Tomline died on 14 Nov. 1827 at Kingston Hall, Wimborne, the house of his friend Henry Bankes. He was buried in Winchester Cathedral, near the western end of the south aisle. He married in 1784 Elizabeth, eldest daughter and coheir of Thomas Maltby of Germans, Buckinghamshire, a woman of considerable ability and character, who was informed and consulted by her husband on all important political matters in which he was engaged. By her the bishop had three sons: William Edward Tomline, M.P. for Truro; George Thomas Pretyman, chancellor of Lincoln and prebendary of Winchester; and Richard Pretyman, precentor of Lincoln. There is a portrait of Tomline, by J. Jackson, now in the possession of Captain Pretyman at Riby Hall, Lincolnshire; an engraving of this by H. Meyer appears in the ‘Gentleman's Magazine’ and as a frontispiece to Cassan's ‘Bishops of Winchester.’
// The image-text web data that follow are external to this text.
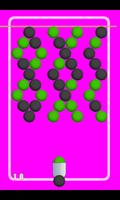 bubble pop classic ảnh chụp màn hình 1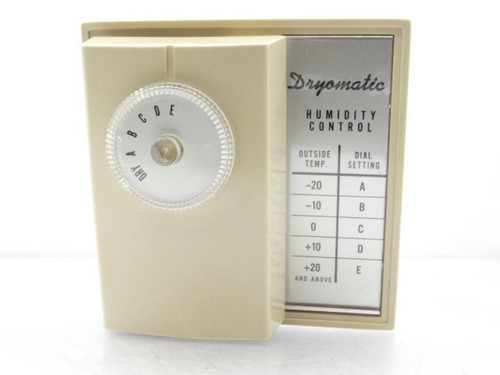 RANCO 122-19-011 Sensor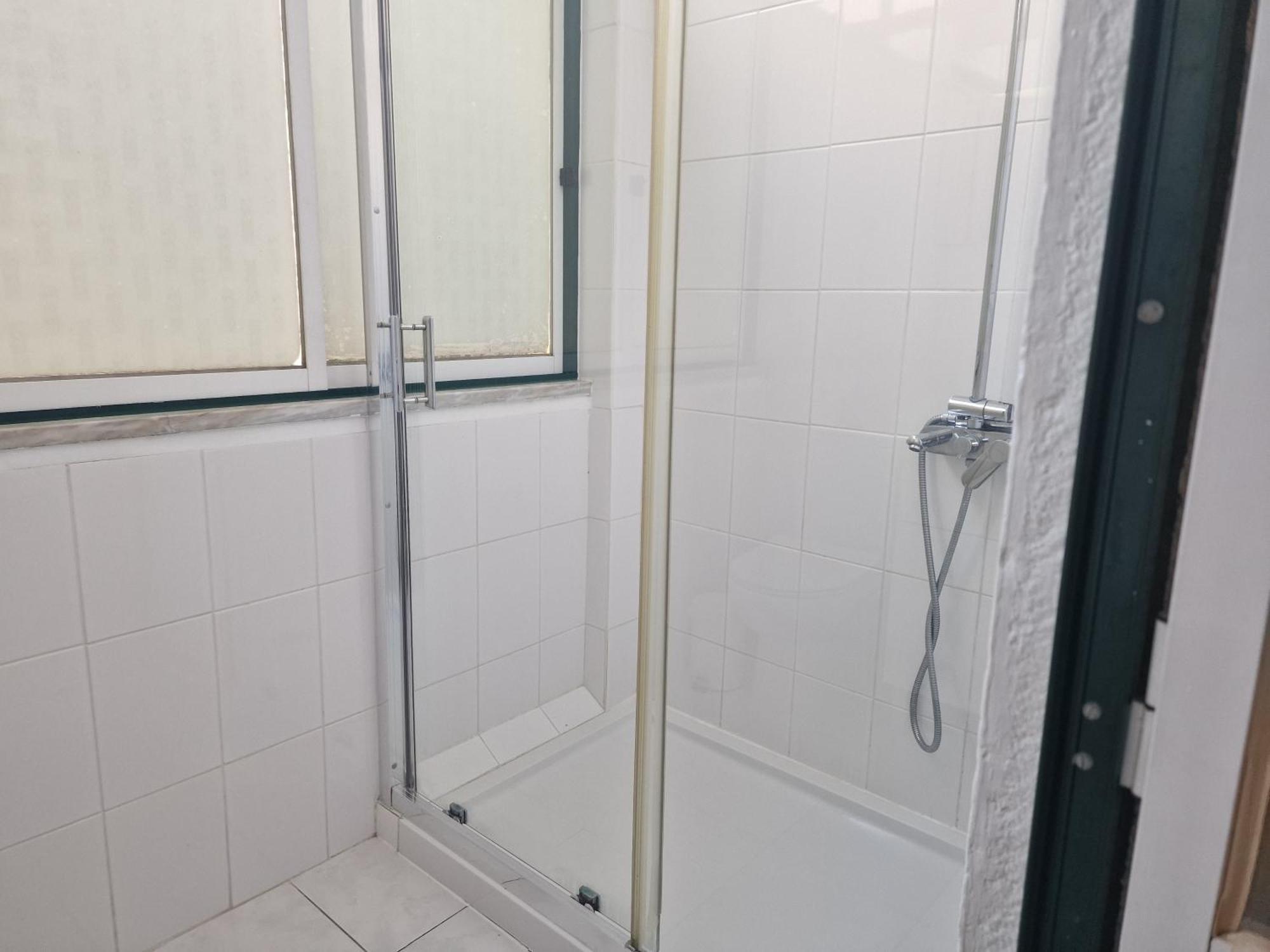Appartement Avenida Terrace Lisboa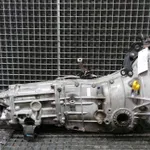 CUTIE VITEZE SUBARU OUTBACK 2.0 D 2003-2010 oe-TY758V1ABB, vedere laterala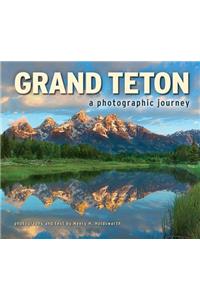 Grand Teton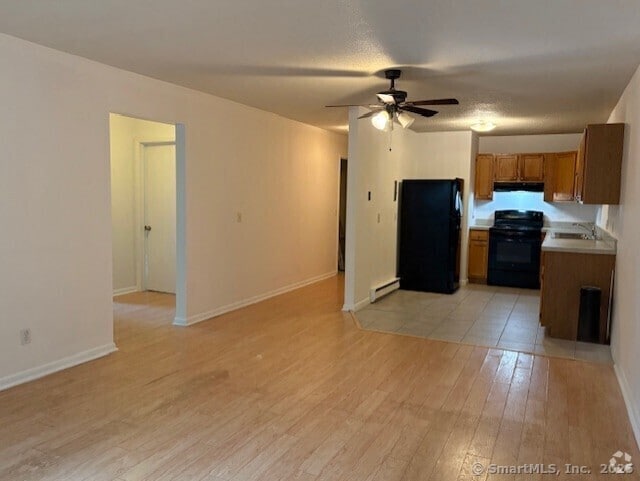 Building Photo - 1730 State St Unit APT 208
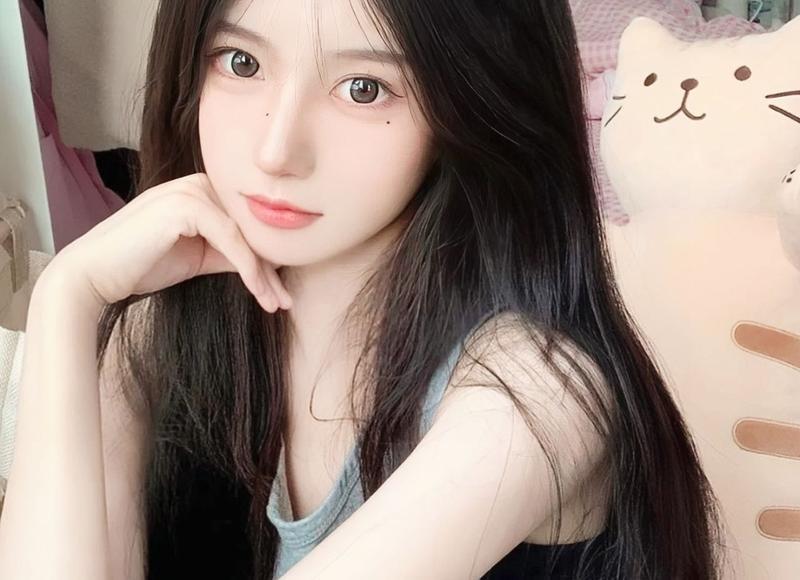 qq空间发表音乐说说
Tomline's political views are fairly defined by one of his biographers, who described him ‘as a supporter of the prerogative and an uncompromising friend to the existing order of things’ (Cassan, Lives of Bishops of Winchester). His judgment and prudence were fully recognised by Pitt, who admitted him to his confidence more unreservedly than any other friend.
[Gent. Mag. 1828, i. 202 (with portrait); Cassan's Lives of the Bishops of Winchester; Lord Malmesbury's Diaries; Stanhope's Life of Pitt; Pellew's Life of Lord Sidmouth; Pitt Papers and private papers at Orwell Park, to which access was kindly given the writer of this article by Captain Pretyman.]